A common feature of beach resort boardwalks and summer fairs is the wheel of fortune. Folks are fascinated by this apparent game of chance, although the pros know it's not purely luck. How American banks fare as their own wheel of fortune spins is determined by their charter, by their competition and by the regulatory framework under which they operate. There is pending legislation addressing all these components, and the jockeying is incredibly complex. At stake is our diversified economic and financial structure - the underpinning of our nation's strong, resilient economy and political stability. Where the wheel's marker stops will determine the winners and losers in the financial services industry well into the next century. High stakes, indeed-and for the nation's financial regulators, as well. This is the time for aggressive positioning of one's political chips.

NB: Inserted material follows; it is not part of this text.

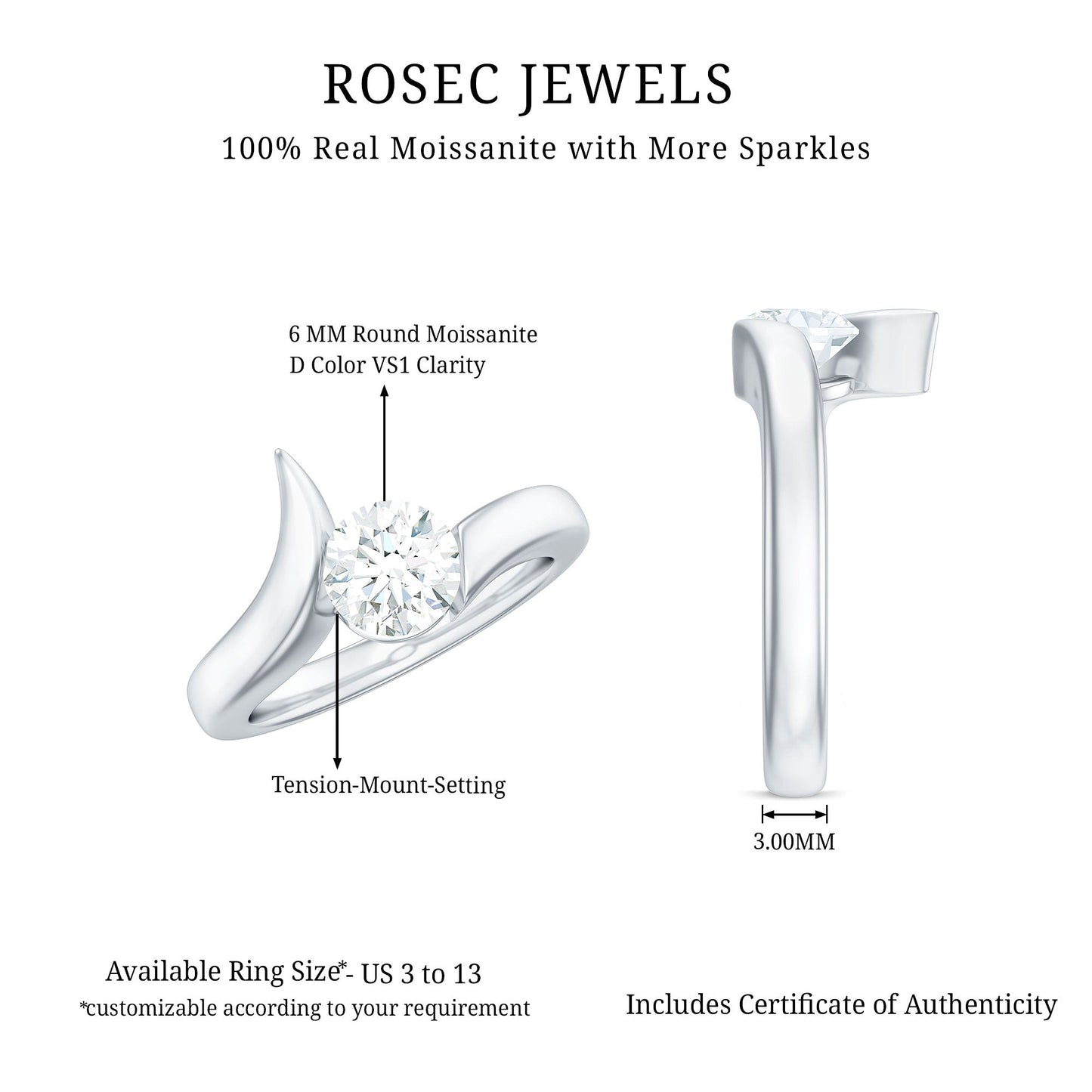 Brilliant Cut Moissanite Engagement Ring in Tension Setting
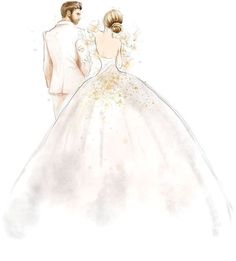 a man and woman dressed in wedding gowns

The spinning legislative wheel blurs the issue. At play are the Glass-Steagall Act, the Bank Holding Company Act, the demise of t separate thrift industry, long-overdue regulatory relief and even a rewrite of the banking charter itself.
The term "Glass-Steagall repeal" has almost become a euphemism, only partially revealing what is really at stake. Congress is reviewing the entire legal structure what presently determines ownership relations between commercial banks and other financial entities and even commercial firms. The abolishment of Glass-Steagall, as promoted by House Banking Committee Chairman Jim Leach, would permit the common ownership of large commercial banks and securities underwriters for the first time since the Great Depression. An amendment offered by Rep. Richard Baker, which was tied to the vital regulatory relief bill in the House, would extend these ownership ties to insurance underwriters and has sparked fierce opposition.

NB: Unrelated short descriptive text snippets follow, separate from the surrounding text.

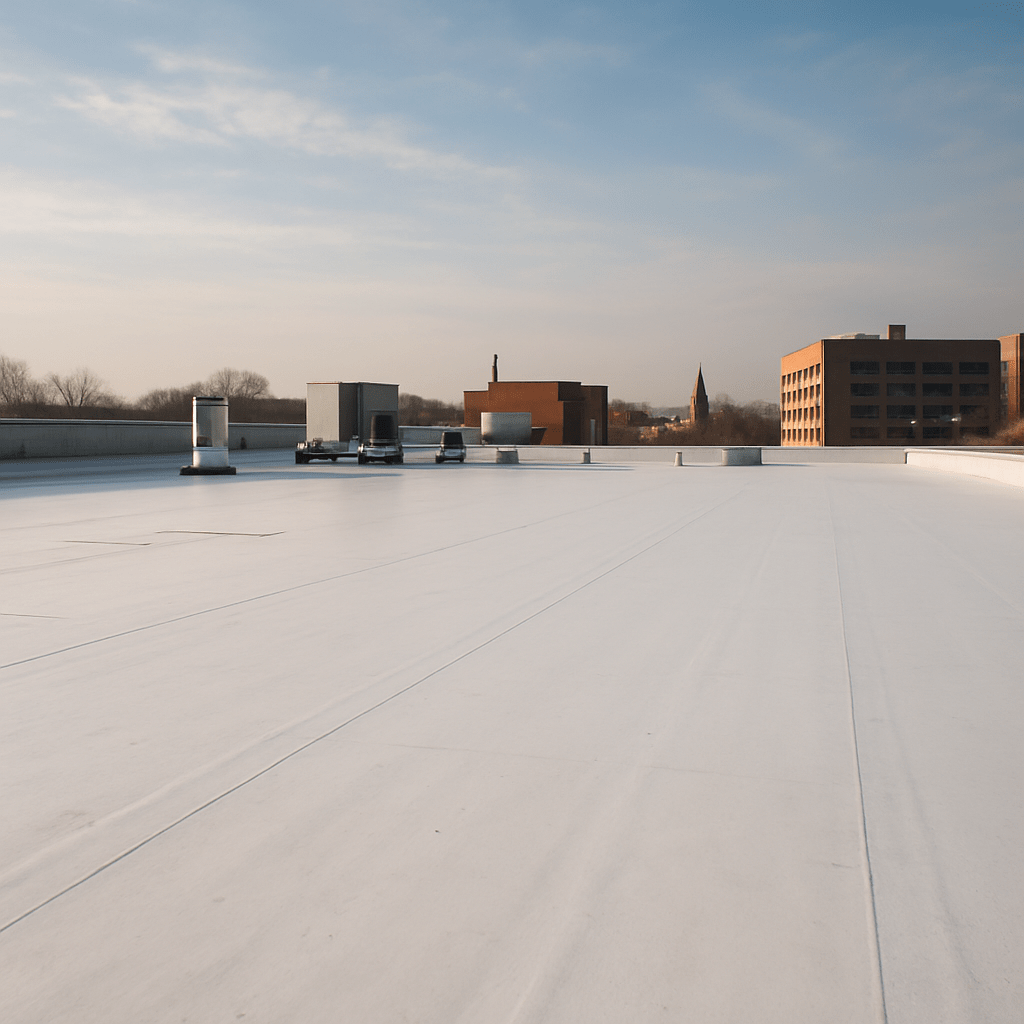 A wide documentary photograph looking across a freshly-installed white Duro-Last membrane commercial flat roof, parapets and rooftop HVAC equipment visible in the middle distance as context but not as the subject, late afternoon Central Illinois light, blue sky with thin scattered clouds, no people in frame, candid composition with slight atmospheric haze, shot from rooftop level not aerial.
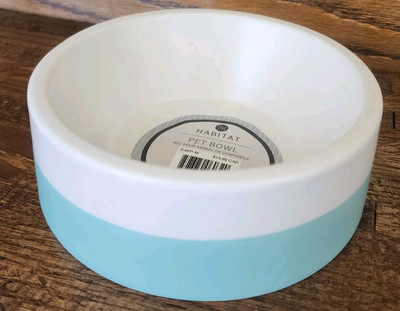 Habitat Home Two Tone Ceramic Pet Cat Dog Food Bowl Mint Green, S/M NEW
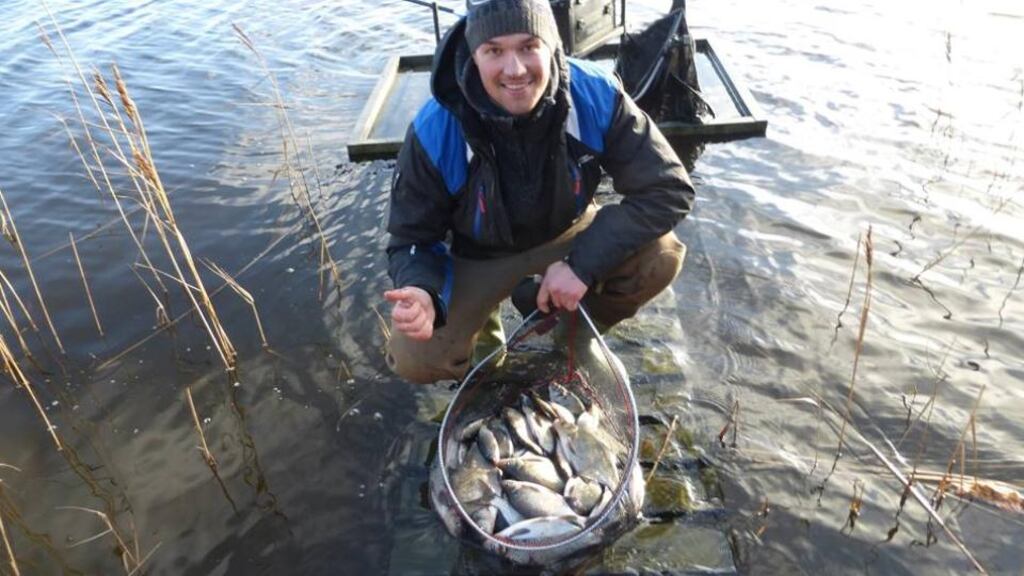Cavan catchment: Robertas Zilaitis, a member of the newly formed Lithuanian club Go and Catch, is happy with his a fine bag of roach and hybrids from lakes around Bailieboro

Driven by the passage of the 1994 interstate banking and branching bill, the American banking industry is undergoing an historic consolidation. We are rapidly approaching a new threshold - the creation of a $300-billion-asset commercial bank. if banks of this size were to combine with large securities underwriters, institutions with half a trillion dollars in assets are possible - even before adding large insurance underwriters and, possibly, commercial firms.
Such financial conglomerates will force a continuing high level of government regulation and involvement, since their failure would present systemic risk to the American financial system.
There is another possible legislative path to the shrine of vastly concentrated economic and financial power. Congress is looking at the elimination of the thrift charter. The scalp being demanded by the big bank lobby for their constituents' help in solving the financial problems of the thrift insurance fund is a new banking charter and the extinction of a separate thrift industry. However, the big bank lobby is interested in maintaining one aspect of the thrift charter - the unitary thrift holding compary's power to own insurance and commercial firms.
As in any high-stakes battle, vast armies are being mobilized to fight the Baker amendment. The confrontation is a classic one, pitting Wall Street against Main Street. The forces of Main Street - who are defending their turf - will make up in sweat what they lack in PAC dollars.
The Main Street Coalition opposing the Baker amendment includes the independent Bankers Association of America, the National Federation of independent Business, the National Association of Home Builders, the Independent Insurance Agents of America, the American Farm Bureau, the National Grange, the National Farmers Union, the National Association of Life Underwriters and the National Small Business United
On the other side looms the American Bankers Association, the Bankers Roundtable, the Securities Industry Association, the Investment Company Institute, the large thrift lobby and the American Financial Services Council, which includes Sears, Roebuck & Co. and American Express Co.